■ Assignment ■
Having located the line with "Gender in the", repeat it and all remaining lines of the records exactly. Pictures do not belong in the answer.
*** Provided records ***
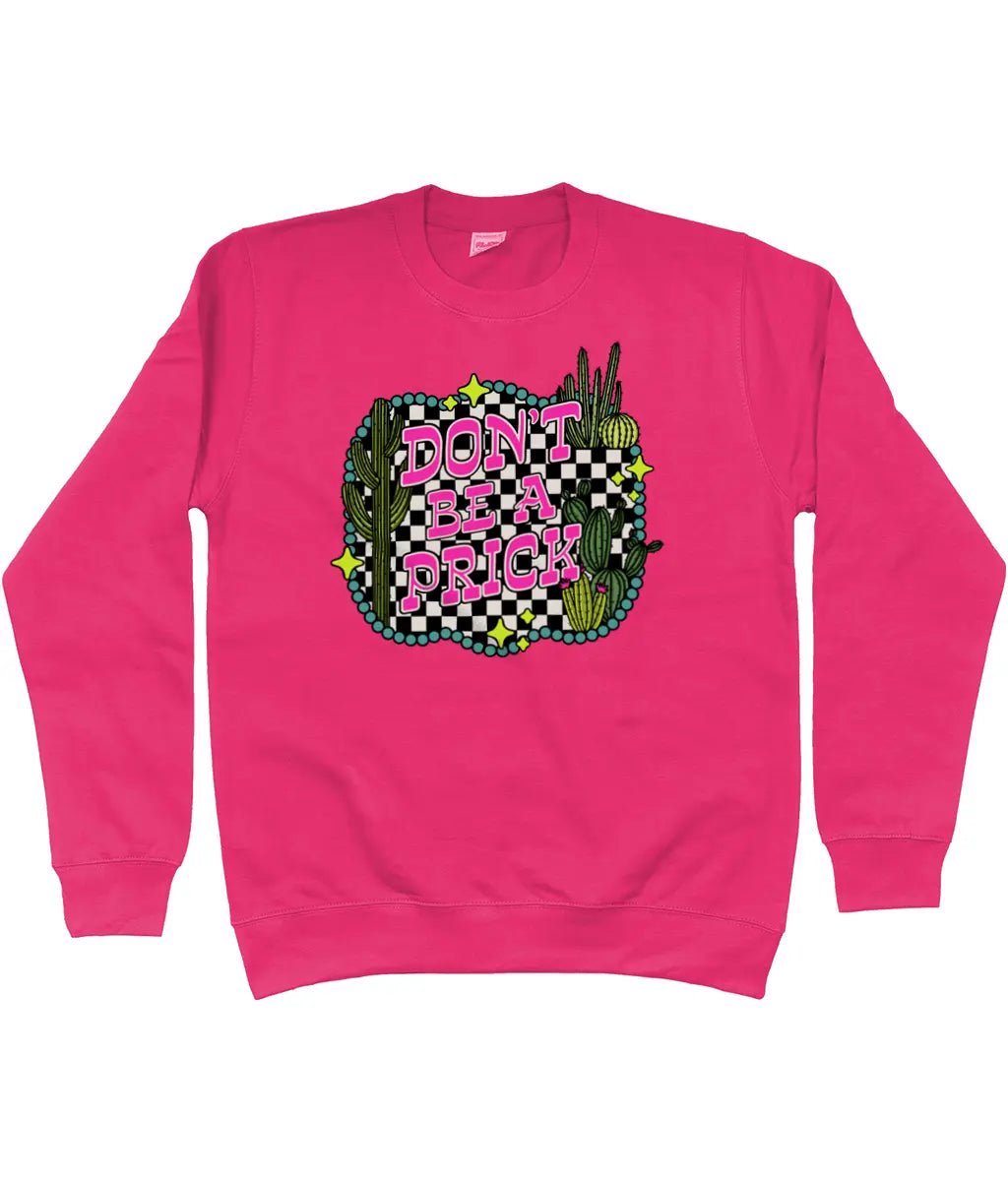 Don't be a prick sweatshirt - Trend Tonic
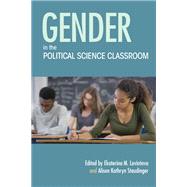 Gender in the Political Science Classroom by Levintova, Ekaterina M.; Staudinger, Alison Kathryn, 9780253033215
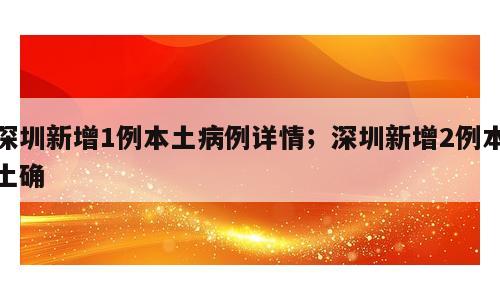深圳新增1例本土病例详情；深圳新增2例本土确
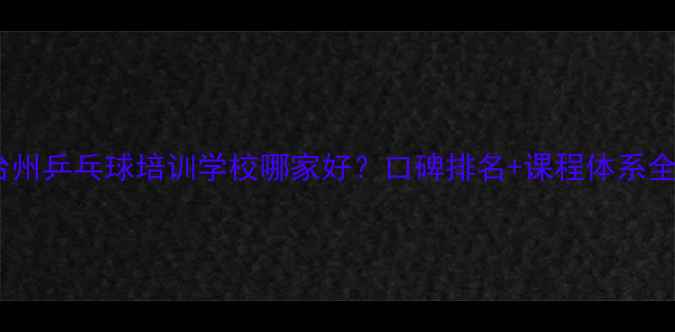 图片 台州乒乓球培训学校哪家好？口碑排名+课程体系全1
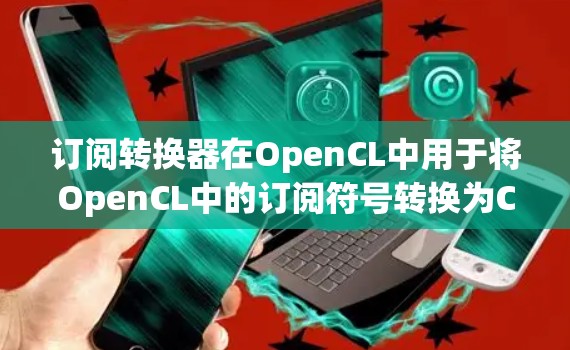 订阅转换器在OpenCL中用于将OpenCL中的订阅符号转换为C+中的变量。以下是详细的步骤和方法，帮助您理解和实现订阅转换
*** End of Provided records ***
■ Exercise answer ■
 Gender in the Political Science Classroom by Levintova, Ekaterina M.; Staudinger, Alison Kathryn, 9780253033215
深圳新增1例本土病例详情；深圳新增2例本土确
 图片 台州乒乓球培训学校哪家好？口碑排名+课程体系全1
 订阅转换器在OpenCL中用于将OpenCL中的订阅符号转换为C+中的变量。以下是详细的步骤和方法，帮助您理解和实现订阅转换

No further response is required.